The task = Using the records below, quote only the span that opens with the line containing "Overhead view of" and closes with the line containing "Full view of", exactly and inclusively.

= = = = =

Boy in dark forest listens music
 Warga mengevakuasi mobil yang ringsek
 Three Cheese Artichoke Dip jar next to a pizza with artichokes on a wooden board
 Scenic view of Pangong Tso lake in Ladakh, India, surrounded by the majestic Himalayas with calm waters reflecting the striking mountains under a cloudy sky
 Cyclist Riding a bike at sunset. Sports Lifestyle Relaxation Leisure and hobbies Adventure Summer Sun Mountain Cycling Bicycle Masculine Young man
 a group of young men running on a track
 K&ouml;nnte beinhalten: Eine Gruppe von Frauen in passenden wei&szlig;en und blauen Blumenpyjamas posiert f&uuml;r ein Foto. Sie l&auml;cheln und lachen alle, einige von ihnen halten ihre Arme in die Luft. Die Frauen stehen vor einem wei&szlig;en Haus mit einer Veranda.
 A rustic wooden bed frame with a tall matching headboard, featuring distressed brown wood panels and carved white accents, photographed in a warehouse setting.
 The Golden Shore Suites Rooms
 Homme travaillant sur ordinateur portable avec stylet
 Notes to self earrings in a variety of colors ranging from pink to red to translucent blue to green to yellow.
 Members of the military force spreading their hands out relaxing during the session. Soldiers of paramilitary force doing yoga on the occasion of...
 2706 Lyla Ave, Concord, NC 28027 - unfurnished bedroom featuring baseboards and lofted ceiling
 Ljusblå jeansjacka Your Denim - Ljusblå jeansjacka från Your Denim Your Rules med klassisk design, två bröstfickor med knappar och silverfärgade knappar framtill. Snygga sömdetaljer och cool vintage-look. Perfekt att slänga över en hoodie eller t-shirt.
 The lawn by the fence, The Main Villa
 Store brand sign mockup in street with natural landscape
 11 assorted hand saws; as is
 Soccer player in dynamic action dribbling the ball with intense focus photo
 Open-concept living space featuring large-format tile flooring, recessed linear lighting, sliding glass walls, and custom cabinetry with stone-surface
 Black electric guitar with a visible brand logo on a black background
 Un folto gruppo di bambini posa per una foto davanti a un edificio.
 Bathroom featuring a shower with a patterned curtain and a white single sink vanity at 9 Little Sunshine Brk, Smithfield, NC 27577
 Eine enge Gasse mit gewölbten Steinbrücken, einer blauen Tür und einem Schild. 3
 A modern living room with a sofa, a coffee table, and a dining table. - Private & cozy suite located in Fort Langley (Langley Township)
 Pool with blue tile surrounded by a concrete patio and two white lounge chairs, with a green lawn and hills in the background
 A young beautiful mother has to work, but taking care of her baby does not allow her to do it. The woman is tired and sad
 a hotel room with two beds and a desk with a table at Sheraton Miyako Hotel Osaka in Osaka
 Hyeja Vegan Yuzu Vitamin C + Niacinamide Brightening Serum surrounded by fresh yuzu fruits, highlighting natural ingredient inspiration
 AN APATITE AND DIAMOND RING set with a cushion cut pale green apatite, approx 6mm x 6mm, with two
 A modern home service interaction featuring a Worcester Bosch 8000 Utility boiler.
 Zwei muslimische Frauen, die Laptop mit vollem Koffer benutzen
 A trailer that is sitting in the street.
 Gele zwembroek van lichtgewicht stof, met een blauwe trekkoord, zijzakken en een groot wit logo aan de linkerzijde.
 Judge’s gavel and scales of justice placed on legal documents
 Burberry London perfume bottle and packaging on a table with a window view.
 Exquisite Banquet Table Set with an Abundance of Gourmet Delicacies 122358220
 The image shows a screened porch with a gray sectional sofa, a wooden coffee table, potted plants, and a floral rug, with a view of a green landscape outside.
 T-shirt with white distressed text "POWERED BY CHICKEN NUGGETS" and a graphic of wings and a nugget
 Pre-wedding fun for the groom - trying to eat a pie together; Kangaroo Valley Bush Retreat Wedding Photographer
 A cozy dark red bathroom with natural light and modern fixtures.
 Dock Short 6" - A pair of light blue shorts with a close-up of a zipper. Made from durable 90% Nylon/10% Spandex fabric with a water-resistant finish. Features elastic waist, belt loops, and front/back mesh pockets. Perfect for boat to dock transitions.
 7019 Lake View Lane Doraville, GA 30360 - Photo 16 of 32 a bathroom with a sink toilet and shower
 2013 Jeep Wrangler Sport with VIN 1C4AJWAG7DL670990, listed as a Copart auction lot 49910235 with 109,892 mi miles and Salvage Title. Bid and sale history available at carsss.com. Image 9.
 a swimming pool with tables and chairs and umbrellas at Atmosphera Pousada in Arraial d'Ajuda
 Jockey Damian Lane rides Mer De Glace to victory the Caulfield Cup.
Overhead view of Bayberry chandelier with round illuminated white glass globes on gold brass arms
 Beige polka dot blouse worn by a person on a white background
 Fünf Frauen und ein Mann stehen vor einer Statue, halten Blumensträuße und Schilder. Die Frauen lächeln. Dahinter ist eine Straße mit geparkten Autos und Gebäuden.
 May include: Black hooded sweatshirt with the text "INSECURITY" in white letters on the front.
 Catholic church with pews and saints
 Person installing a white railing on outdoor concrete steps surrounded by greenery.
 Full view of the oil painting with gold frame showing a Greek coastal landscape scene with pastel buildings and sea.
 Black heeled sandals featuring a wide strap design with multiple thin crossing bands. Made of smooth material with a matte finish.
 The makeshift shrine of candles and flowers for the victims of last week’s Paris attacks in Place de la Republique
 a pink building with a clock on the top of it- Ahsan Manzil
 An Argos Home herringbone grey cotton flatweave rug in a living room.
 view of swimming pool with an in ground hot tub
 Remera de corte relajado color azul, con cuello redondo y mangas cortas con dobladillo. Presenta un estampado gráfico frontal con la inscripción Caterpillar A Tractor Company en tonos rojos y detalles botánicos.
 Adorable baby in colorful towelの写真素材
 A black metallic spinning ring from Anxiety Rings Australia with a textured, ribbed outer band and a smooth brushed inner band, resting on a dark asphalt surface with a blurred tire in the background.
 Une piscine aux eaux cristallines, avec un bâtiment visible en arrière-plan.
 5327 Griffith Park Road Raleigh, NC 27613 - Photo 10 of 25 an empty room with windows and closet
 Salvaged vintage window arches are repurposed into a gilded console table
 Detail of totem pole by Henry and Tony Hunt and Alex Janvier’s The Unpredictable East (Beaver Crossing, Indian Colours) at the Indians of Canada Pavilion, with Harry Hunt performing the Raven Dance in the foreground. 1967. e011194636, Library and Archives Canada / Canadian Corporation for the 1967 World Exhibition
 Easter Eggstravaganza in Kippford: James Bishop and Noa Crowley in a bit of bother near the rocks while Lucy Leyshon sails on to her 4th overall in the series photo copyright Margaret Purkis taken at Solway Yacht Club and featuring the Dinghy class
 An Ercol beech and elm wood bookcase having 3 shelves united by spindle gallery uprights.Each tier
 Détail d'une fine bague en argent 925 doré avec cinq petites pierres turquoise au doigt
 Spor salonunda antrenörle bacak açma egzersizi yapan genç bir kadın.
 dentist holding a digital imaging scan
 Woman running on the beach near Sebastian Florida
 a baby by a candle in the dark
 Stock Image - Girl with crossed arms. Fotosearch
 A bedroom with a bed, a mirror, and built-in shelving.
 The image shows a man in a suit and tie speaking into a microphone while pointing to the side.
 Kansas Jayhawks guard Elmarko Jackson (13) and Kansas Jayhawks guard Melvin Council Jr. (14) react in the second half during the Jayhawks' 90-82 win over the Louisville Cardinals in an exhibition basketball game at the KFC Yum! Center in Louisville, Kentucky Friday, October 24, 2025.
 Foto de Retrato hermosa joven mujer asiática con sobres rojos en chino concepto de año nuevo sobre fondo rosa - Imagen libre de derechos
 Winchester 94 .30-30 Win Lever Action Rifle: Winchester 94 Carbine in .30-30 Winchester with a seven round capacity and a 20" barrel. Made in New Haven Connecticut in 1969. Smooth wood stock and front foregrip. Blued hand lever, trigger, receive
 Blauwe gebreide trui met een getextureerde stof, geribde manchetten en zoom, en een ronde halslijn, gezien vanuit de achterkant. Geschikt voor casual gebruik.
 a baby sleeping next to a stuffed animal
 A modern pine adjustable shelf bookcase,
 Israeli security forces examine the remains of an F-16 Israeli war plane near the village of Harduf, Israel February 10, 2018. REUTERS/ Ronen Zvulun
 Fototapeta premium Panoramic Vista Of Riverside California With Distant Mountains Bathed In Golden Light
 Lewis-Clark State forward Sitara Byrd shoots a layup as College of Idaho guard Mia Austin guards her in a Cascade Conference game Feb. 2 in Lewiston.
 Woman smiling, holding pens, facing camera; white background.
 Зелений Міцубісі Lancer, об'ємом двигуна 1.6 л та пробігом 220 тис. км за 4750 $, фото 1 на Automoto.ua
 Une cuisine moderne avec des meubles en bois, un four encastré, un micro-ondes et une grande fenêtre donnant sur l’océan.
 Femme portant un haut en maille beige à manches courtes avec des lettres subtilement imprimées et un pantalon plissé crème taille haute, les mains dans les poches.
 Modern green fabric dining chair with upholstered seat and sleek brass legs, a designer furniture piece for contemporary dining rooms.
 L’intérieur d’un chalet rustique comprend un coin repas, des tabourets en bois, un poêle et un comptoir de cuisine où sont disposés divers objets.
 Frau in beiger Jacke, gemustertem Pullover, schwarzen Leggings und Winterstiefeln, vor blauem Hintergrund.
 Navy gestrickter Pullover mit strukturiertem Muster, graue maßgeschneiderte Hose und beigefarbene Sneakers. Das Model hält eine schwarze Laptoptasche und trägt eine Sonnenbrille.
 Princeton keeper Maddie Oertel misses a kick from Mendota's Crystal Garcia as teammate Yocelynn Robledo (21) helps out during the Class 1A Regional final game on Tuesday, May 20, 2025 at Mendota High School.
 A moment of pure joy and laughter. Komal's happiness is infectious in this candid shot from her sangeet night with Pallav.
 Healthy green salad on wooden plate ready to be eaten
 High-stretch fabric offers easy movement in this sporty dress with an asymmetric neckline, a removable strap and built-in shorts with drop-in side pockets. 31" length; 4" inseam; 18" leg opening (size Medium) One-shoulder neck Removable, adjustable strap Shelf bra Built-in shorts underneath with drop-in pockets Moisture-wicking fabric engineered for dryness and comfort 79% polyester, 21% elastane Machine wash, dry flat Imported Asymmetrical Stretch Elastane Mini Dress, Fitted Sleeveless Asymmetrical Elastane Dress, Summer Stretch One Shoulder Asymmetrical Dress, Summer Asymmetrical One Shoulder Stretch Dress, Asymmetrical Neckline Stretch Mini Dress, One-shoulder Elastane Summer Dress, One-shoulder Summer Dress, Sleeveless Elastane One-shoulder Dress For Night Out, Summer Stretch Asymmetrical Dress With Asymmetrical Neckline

= = = = =

Reply =
Overhead view of Bayberry chandelier with round illuminated white glass globes on gold brass arms
 Beige polka dot blouse worn by a person on a white background
 Fünf Frauen und ein Mann stehen vor einer Statue, halten Blumensträuße und Schilder. Die Frauen lächeln. Dahinter ist eine Straße mit geparkten Autos und Gebäuden.
 May include: Black hooded sweatshirt with the text "INSECURITY" in white letters on the front.
 Catholic church with pews and saints
 Person installing a white railing on outdoor concrete steps surrounded by greenery.
 Full view of the oil painting with gold frame showing a Greek coastal landscape scene with pastel buildings and sea.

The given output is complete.